**WORK TO COMPLETE**
Going through the entries below, count each line that holds "Painting" and give only the total.
━━━
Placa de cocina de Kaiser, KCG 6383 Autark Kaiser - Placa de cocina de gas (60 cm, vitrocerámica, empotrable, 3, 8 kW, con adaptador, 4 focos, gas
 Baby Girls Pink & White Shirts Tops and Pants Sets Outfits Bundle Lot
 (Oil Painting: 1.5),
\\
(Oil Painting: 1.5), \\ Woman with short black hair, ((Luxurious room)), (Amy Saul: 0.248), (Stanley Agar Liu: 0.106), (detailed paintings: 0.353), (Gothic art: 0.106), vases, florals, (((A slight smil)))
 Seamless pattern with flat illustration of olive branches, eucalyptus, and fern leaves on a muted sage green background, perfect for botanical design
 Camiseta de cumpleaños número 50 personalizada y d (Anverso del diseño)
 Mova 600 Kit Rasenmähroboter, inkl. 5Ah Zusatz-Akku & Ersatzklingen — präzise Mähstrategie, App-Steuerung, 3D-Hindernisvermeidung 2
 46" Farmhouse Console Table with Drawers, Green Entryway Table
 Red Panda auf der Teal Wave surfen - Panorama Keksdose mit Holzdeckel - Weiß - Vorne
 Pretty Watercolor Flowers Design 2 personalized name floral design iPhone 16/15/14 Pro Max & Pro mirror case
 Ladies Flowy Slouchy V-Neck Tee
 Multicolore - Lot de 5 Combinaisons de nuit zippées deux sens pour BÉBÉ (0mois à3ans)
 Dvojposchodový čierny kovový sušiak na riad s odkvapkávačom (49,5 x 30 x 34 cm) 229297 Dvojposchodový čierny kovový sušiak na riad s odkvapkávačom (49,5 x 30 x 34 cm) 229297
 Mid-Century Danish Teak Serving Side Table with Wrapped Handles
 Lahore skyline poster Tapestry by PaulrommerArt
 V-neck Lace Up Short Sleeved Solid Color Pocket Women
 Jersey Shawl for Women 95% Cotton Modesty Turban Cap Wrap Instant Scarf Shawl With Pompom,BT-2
━━━
**REPLY**
2